[Exercise aim] From the records below, transcribe only the lines running from the one with "Ptcn V1 5 200 Usa Phil Teds Cocoon" through the one with "2217 Seabiscuit Cove Spicewood TX 78669". Keep both of those end lines.

[Supplied material]
-- Opening Marker --

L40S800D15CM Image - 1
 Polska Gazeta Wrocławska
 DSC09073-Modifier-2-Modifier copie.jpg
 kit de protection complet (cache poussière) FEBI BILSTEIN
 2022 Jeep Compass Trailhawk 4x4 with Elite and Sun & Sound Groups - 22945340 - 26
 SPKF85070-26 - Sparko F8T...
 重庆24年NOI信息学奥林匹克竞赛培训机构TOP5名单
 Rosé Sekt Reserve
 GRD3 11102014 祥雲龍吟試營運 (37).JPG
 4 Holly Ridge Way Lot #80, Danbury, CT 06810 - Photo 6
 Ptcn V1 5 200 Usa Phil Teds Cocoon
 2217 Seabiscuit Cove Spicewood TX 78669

-- Closing Marker --
-- Opening Marker --

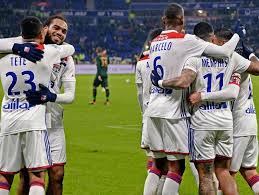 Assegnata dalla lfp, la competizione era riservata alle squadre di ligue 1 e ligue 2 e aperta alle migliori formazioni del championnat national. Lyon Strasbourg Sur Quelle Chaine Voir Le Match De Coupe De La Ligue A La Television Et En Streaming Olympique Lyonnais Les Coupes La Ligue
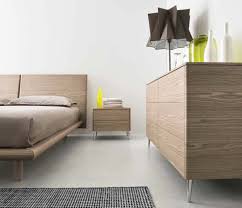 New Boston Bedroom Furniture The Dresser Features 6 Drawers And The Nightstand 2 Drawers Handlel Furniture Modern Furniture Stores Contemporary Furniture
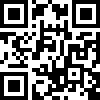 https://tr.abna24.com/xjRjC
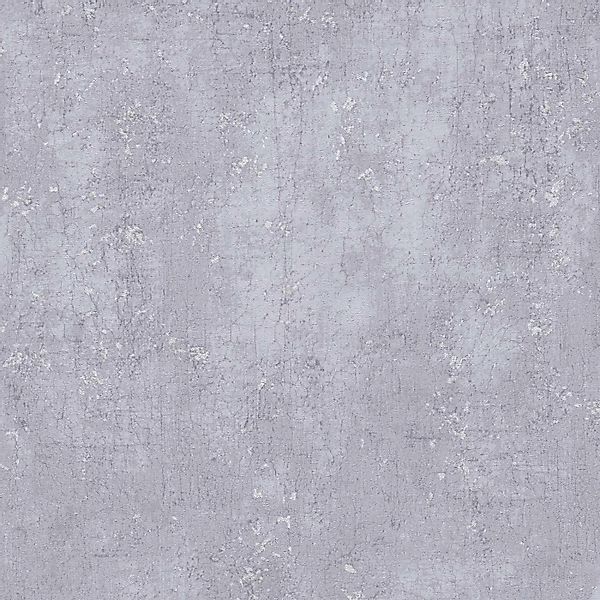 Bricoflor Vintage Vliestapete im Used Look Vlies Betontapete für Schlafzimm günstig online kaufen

-- Closing Marker --
-- Opening Marker --

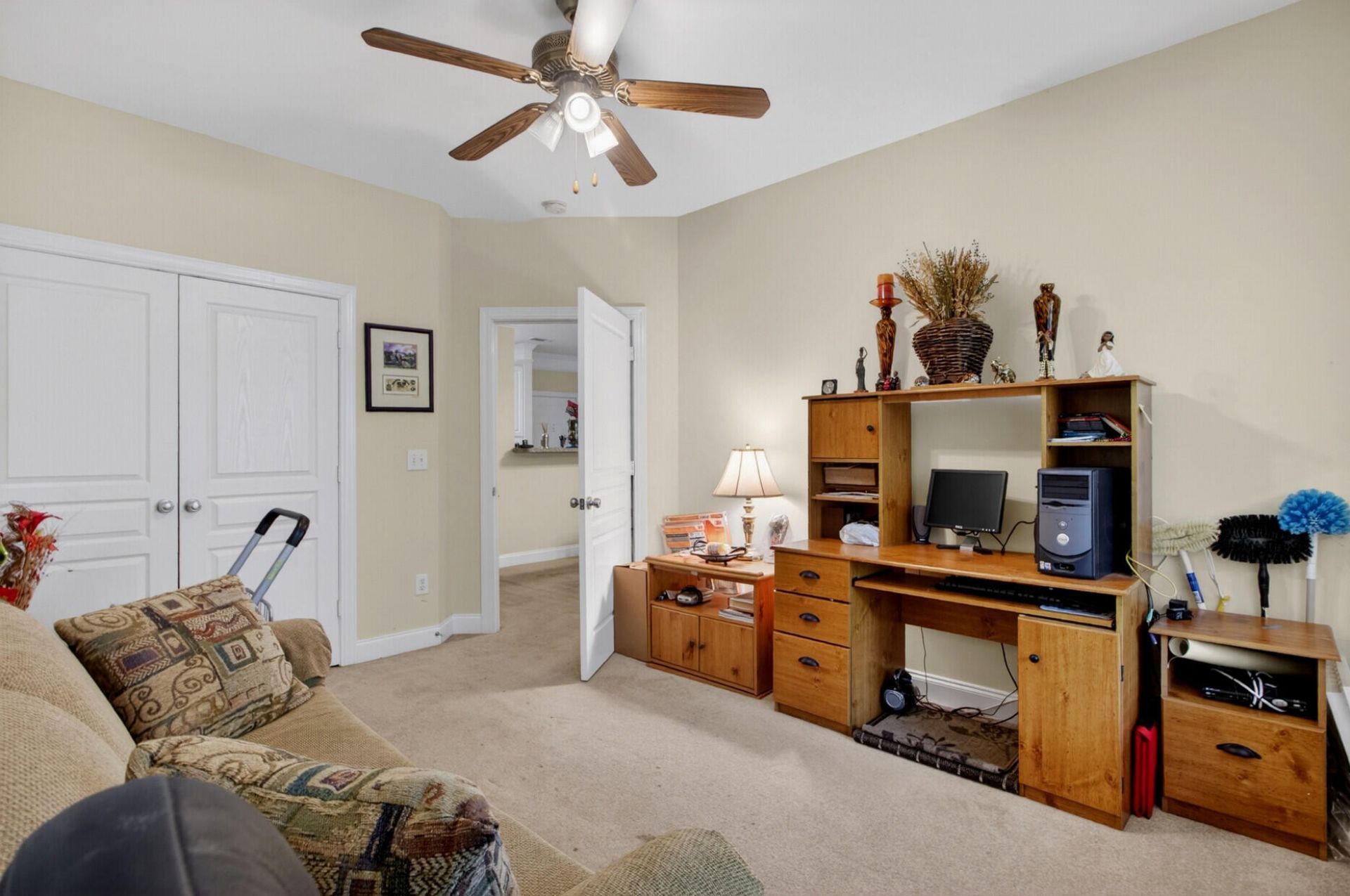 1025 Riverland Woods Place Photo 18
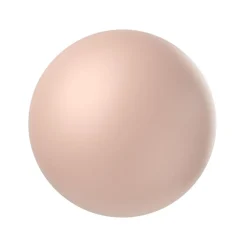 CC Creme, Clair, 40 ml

-- Closing Marker --

[Answer area]
 Ptcn V1 5 200 Usa Phil Teds Cocoon
 2217 Seabiscuit Cove Spicewood TX 78669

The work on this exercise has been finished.